A escola brasileira passou décadas operando sob a lógica do volume: mais horas-aula, mais conteúdo, mais simulados, mais pressão. No ensino médio e no pré-vestibular, essa cultura produziu um paradoxo conhecido por qualquer estudante: esforço crescente, rendimento estagnado. Uma curva silenciosa de desgaste.

Sob estresse crônico, o cérebro entra em modo de sobrevivência. A ativação persistente do eixo hipotálamo-hipófise-adrenal eleva os níveis de cortisol e reduz a eficiência do córtex pré-frontal, região responsável pelo raciocínio abstrato, pela tomada de decisão e pela memória de trabalho. Nesse estado, aprender se torna biologicamente mais difícil.

Adicionar tecnologia a um sistema emocionalmente saturado não resolve esse problema estrutural. Pode, inclusive, amplificá-lo. Algoritmos ampliam capacidade. Mas não regulam o sistema nervoso.

O parecer em discussão no CNE acerta ao afirmar que a IA deve ter finalidade pedagógica explícita e supervisão humana. Também reconhece que professores precisam de formação técnica e crítica para utilizá-la. Mas há um ponto ainda mais profundo, onde se observa que sem inteligência emocional, a inteligência artificial fracassa.
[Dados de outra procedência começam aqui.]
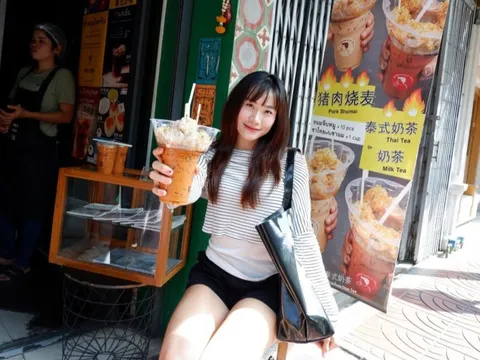Ai sẵn sàng uống ly trà sữa 12 thìa đường ở Thái Lan?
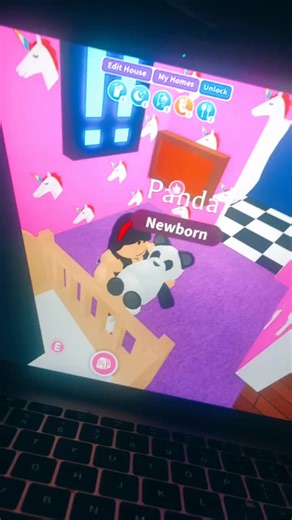 Pandas are my fave animal so I had too 🐼🖤🥀• #roblox #adoptme #tiktokanimals #foryou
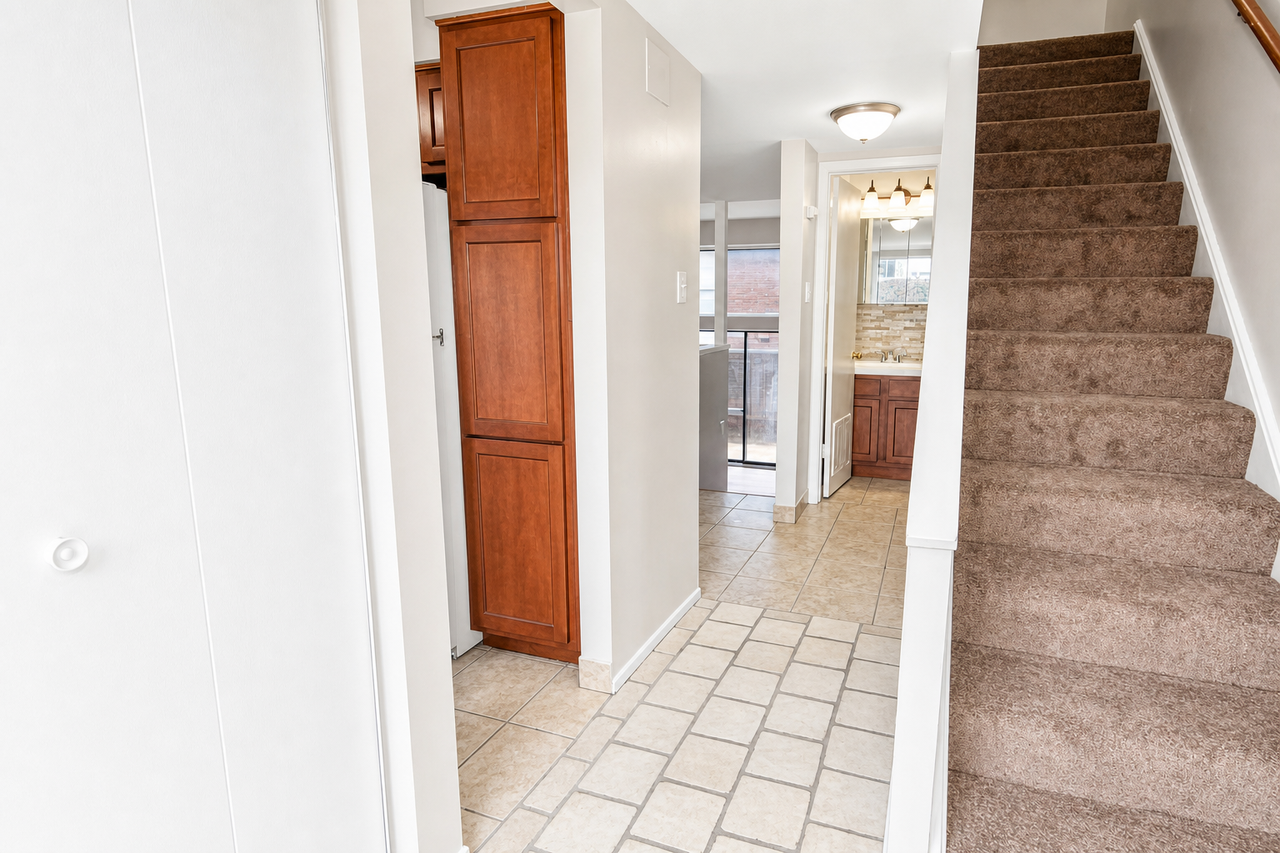 140 WEST WALNUT STREETAPT 903 #903 - Photo 5 of 15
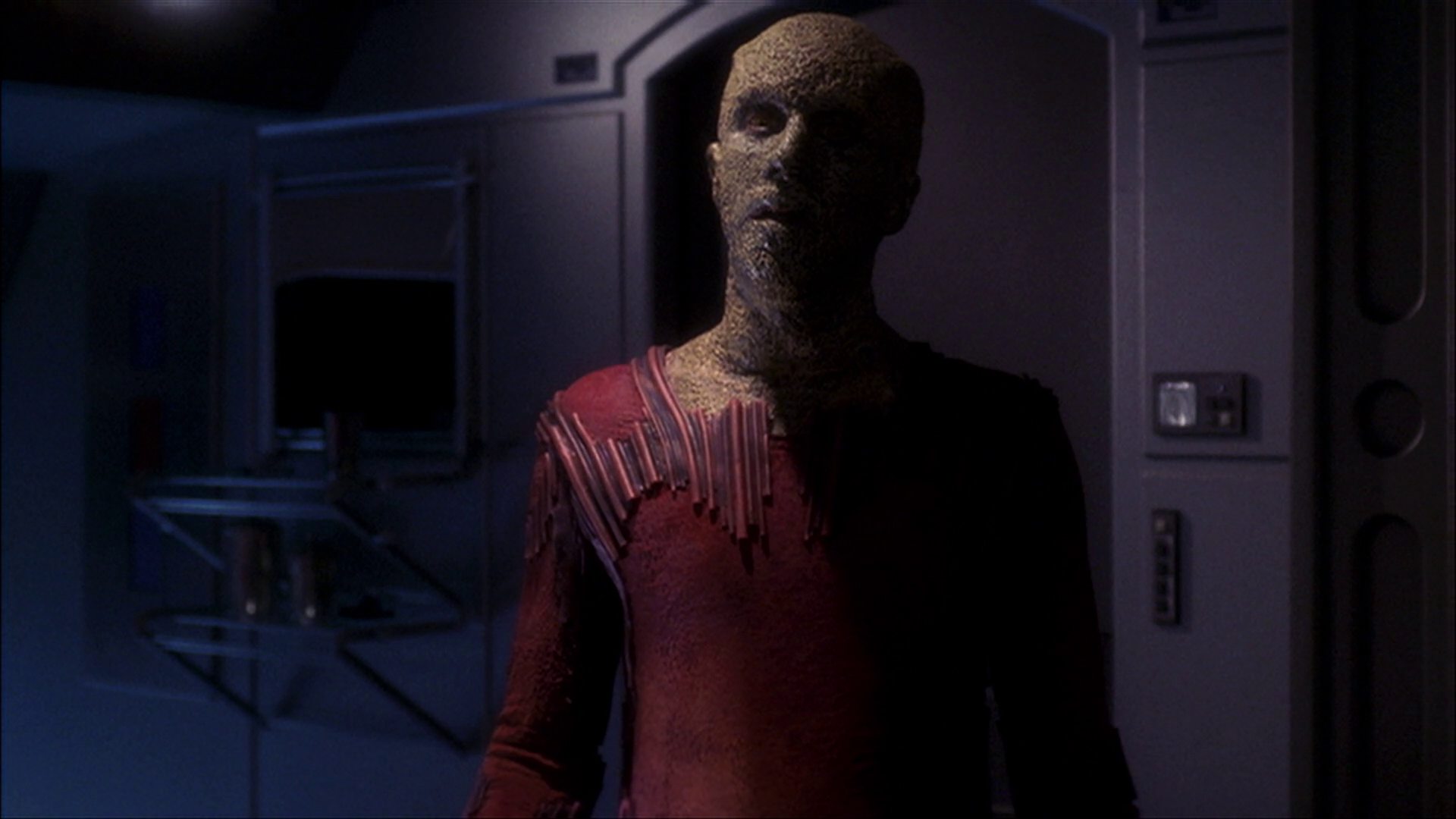 extant_StarTrek_ENT_1x11-ColdFront_2473.jpg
A medicina viveu algo semelhante. Estudos mostram que pacientes abandonam tratamentos não por falta de informação, mas por falhas no vínculo com o médico. Uma meta-análise internacional indicou que comunicação clínica de baixa qualidade aumenta em até 19% o risco de não adesão terapêutica, porque prescrição sem engajamento não transforma comportamento.

Na educação ocorre o mesmo. Informação sem vínculo não produz aprendizagem duradoura.

Habilidades sociais, comunicação, empatia, autorregulação e pensamento crítico deixaram de ser acessórios. Tornaram-se infraestrutura cognitiva. São essas competências que permitem ao estudante sustentar foco, lidar com frustração, reorganizar estratégias e persistir diante de desafios. Ou seja, alta tecnologia exige maior maturidade emocional.

Mais tecnologia e menos humanidade é o erro que a escola não pode cometer. A integração da inteligência artificial ao currículo precisa vir acompanhada de uma arquitetura pedagógica capaz de integrar três dimensões inseparáveis, como desempenho intelectual, equilíbrio emocional e responsabilidade ética.

Diagnosticar lacunas cognitivas sem mapear bloqueios emocionais é intervir pela metade. Medir resultados sem compreender o estado interno do estudante é gerir números, não formar pessoas.

A nova geração vive sob hiperexposição digital, competição intensa e pressão permanente por performance. Nunca houve tanto acesso à informação, e nunca tantos jovens relatam ansiedade, exaustão e perda de sentido no processo de aprender.

Inserir algoritmos em um sistema já tensionado sem revisar sua base emocional pode sofisticar o problema, mas dificilmente o resolverá.

Estamos em um ponto de inflexão. A sala de aula já é permeada por tecnologias e inteligências artificiais. A questão não é mais se elas devem entrar, mas sob qual lógica irão operar. Se servirão para intensificar a cultura da cobrança ou para inaugurar uma cultura de precisão, consciência e equilíbrio.

O Brasil está diante de uma escolha histórica. Podemos nos limitar a regulamentar ferramentas ou aproveitar este momento para redefinir o que entendemos por qualidade educacional, que integra tecnologia, dados e humanidade em um mesmo sistema coerente.

A votação do CNE, marcada para segunda-feira (16), é um marco institucional. Mas a transformação real acontecerá na sala de aula, quando inteligência artificial e inteligência emocional deixarem de competir e passarem a operar de forma integrada. Porque máquinas ampliam capacidade, mas é o equilíbrio emocional que sustenta direção, sentido e futuro. E é isso que decidirá quem realmente aprenderá na era das máquinas inteligentes.